Sukiya Living Magazine (JOJG)

Japanese Plants

The plant palette seen in Japanese gardens is typically very limited.  It is quite common for a garden to be composed of only a dozen or so different plant types.  Surprisingly, this limited palette does not seem to curtail the beauty of a Japanese garden.  To the contrary, the smaller number of colors and textures enhances a feeling of unification and harmony.

In nearly every case, the key to a successful Japanese garden lies, not in the plant itself, but in what the gardener does with the plant.  With this in mind, pruning and garden layout are generally considered more important than plant selection.

The majority of plants used in Japanese gardens are evergreen trees and shrubs.  This emphasis on evergreen material is related to the goal of creating four-season beauty.  Deciduous plants such as Japanese maples are sometimes used as accents.  Herbaceous annuals and perennials are rarely used except as minor grace notes.

While Japanese gardens are not known for their flowers, they do employ flowering trees and shrubs.  Azaleas, in particular, are common and seen in nearly every garden in Japan.

Some, but not all, Japanese gardens display plants that may feel somewhat exotic to Westerners.  These would include bamboo, moss, and carefully-pruned pine trees.

Sukiya Living Magazine (JOJG) runs regular "plant" articles about many different species including the plants mentioned above.  Here are some of the general categories:


AZALEAS   Some experienced gardeners feel that azaleas, while often overlooked, are actually the single most important plant in Japanese gardens.

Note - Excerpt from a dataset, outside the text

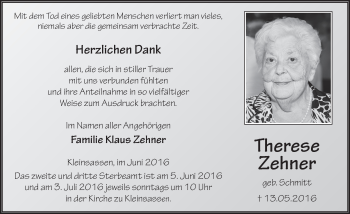 Traueranzeige von Therese Zehner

PINES   There is no doubt that the 2-needled pine is the "king" of Japanese garden specimen trees.

BAMBOO   Often used as an accent, bamboo is a fascinating element in many Japanese gardens.

JAPANESE MAPLES   In Japan, the regular green species tree, Acer palmatum, is far more popular than colorful cultivars.

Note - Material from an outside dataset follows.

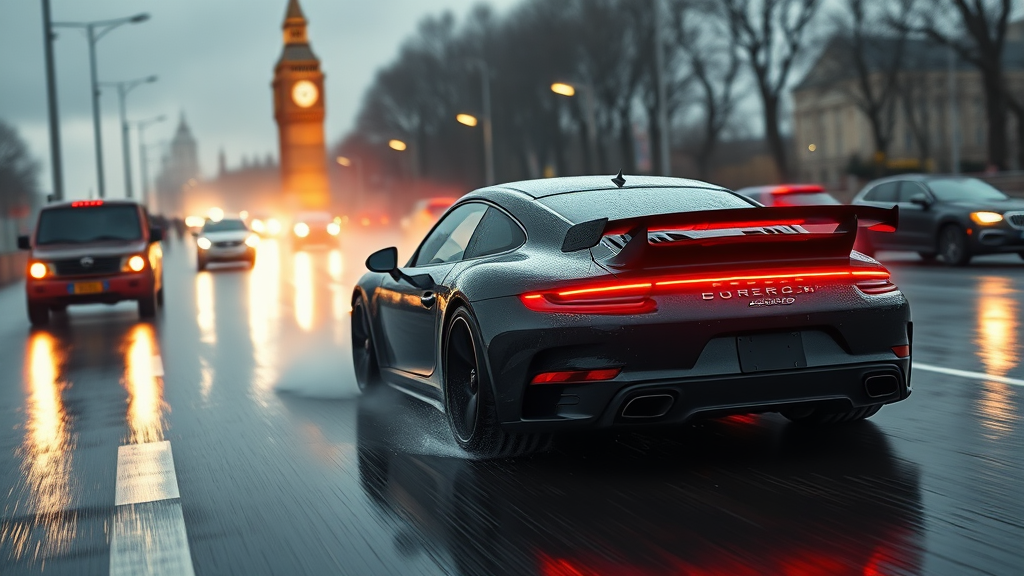 The Porsche 911 Drifting in Rainy Traffic, Big Ben View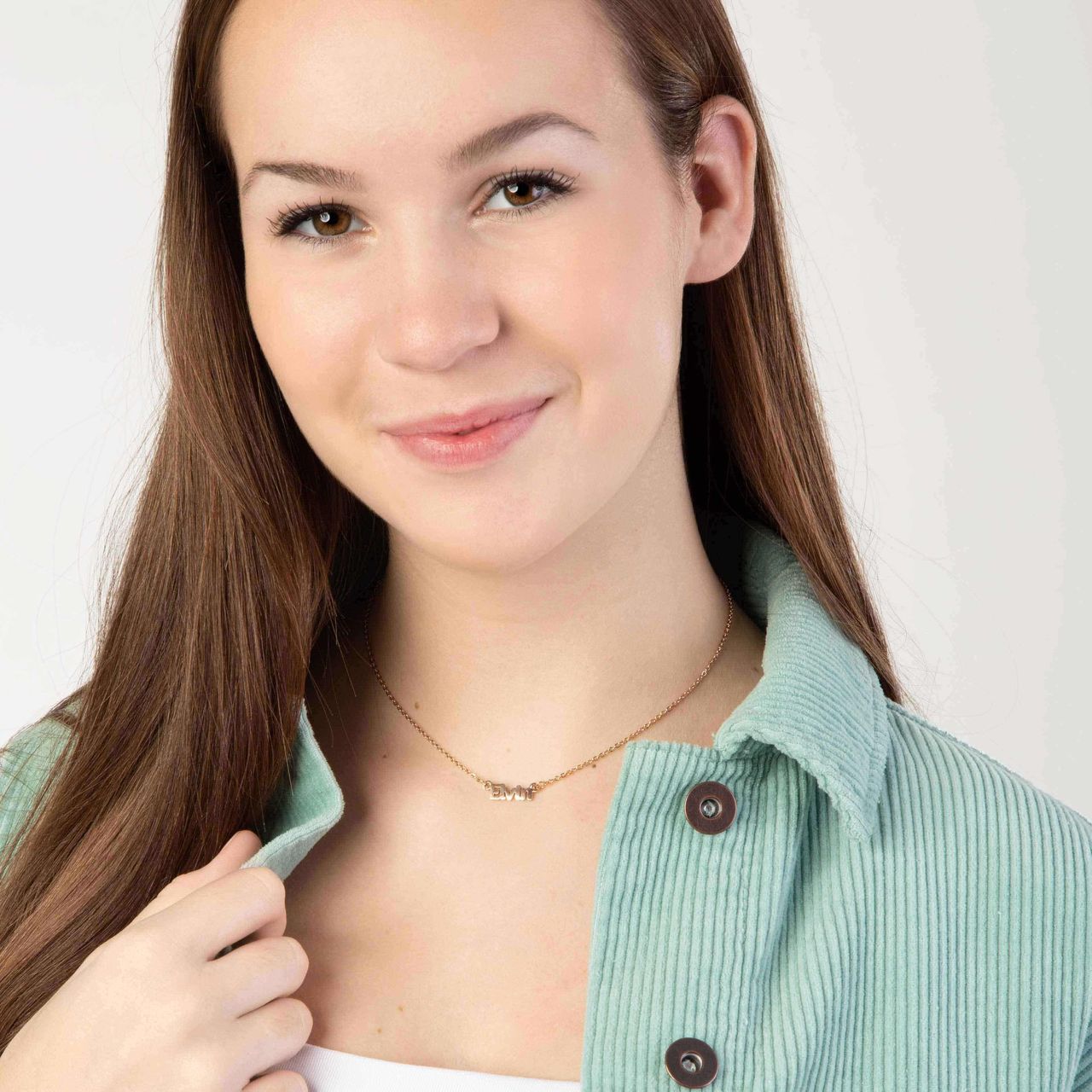 Stalen roséplated naamketting voor dames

FLOWERING TREES & SHRUBS   Contrary to Western belief, the Japanese people actually love flowers.  Instead of planting herbaceous plants they tend to enjoy the seasonal bloom of woody trees and shrubs.

MOSS   Moss grows abundantly in many parts of Japan.  Known as koke in Japanese, it is a ground cover that is commonly seen in Japanese gardens.  Some gardens in Japan have even been created around the moss theme and can be accurately described as "moss gardens."  Read these articles to learn more.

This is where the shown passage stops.